(Task to carry out)
Set down the lines below, exactly, starting at the one that contains "this 437×320 image." and stopping at the last line, inclusive. Omit pictures.
________________________________________
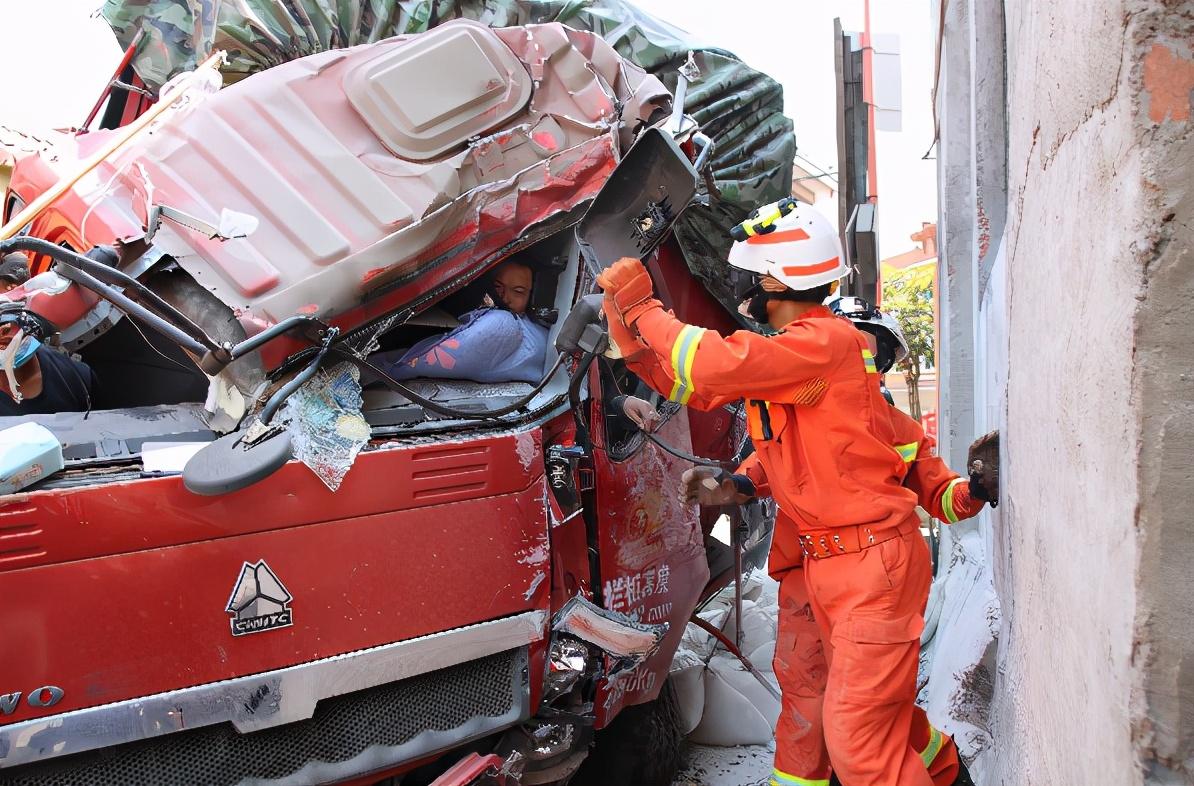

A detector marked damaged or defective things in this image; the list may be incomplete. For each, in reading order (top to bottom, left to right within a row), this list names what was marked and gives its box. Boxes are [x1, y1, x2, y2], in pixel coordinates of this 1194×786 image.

crashed red truck [0, 15, 772, 784]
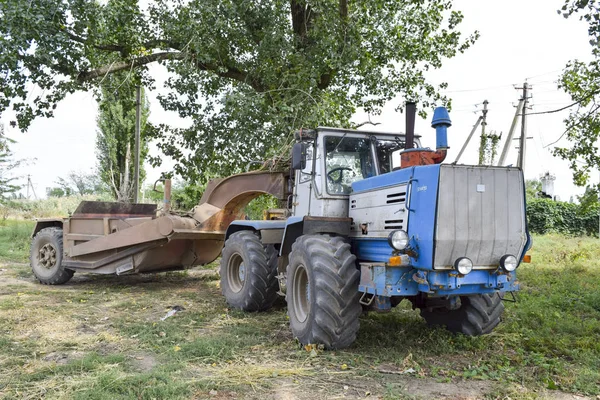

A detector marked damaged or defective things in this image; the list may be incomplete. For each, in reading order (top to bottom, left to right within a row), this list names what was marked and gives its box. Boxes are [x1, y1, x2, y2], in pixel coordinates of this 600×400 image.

rusty scraper attachment [400, 103, 452, 169]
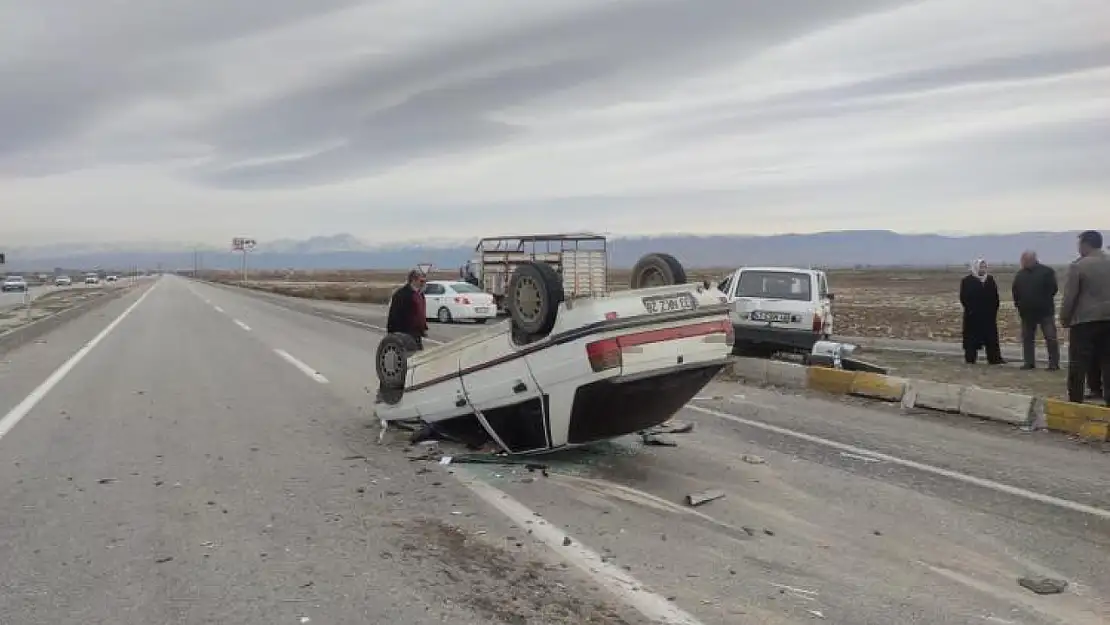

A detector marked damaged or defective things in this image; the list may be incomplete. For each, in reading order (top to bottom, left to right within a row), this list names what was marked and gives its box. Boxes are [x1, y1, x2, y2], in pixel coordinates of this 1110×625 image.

overturned white car [376, 252, 740, 454]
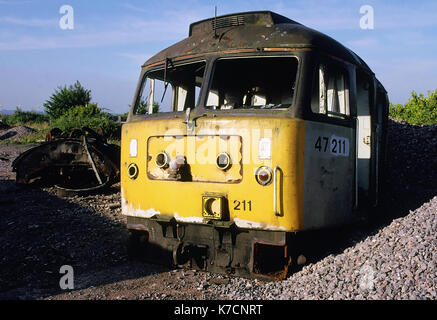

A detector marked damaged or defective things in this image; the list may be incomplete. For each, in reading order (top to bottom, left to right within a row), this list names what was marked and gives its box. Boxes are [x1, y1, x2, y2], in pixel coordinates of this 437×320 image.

broken windshield [206, 57, 298, 111]
rusted metal body [13, 127, 120, 192]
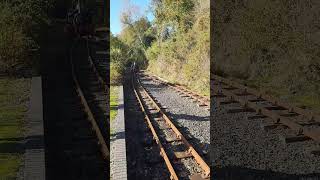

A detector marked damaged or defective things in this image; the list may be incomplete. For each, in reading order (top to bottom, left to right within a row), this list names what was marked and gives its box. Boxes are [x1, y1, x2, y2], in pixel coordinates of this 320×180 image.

rusty railroad track [131, 70, 210, 179]
rusty railroad track [141, 72, 209, 110]
rusty railroad track [212, 74, 320, 154]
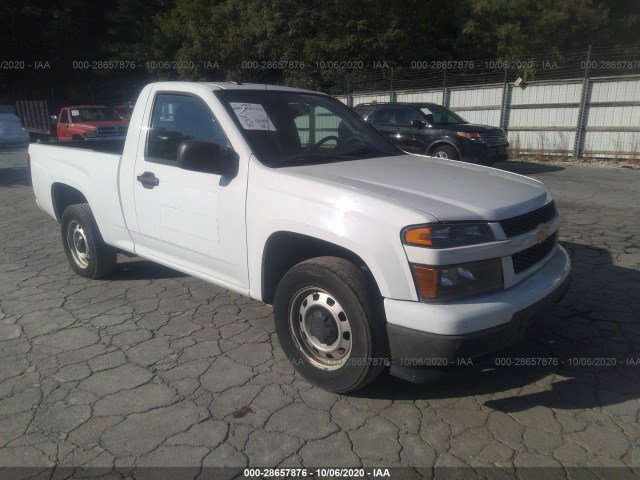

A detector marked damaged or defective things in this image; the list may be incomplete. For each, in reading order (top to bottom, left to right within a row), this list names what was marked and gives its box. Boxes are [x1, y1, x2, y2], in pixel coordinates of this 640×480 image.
________________________________________
(Result below)
A detector marked damaged or defective things in this image; the list may be incomplete. For each, in reading order (top to bottom, left to right within a row), this list names what was marked and gives its box. Boxes are [x1, y1, x2, y2], in pixel coordinates of this 437×320 image.

broken windshield [206, 57, 298, 111]
rusted metal body [13, 127, 120, 192]

A detector marked damaged or defective things in this image; the list may be incomplete. For each, in reading order (top to bottom, left to right within a row), this list names what was marked and gives its box. Boxes are [x1, y1, x2, y2], in pixel coordinates of this 320×180 image.

rusty railroad track [131, 70, 210, 179]
rusty railroad track [141, 72, 209, 110]
rusty railroad track [212, 74, 320, 154]

A detector marked damaged or defective things in this image; the list may be incomplete. For each, in reading order (top to bottom, left to right within a row), this list names what was marked and gives its box. Boxes are [x1, y1, x2, y2], in pixel coordinates of this 640×480 image.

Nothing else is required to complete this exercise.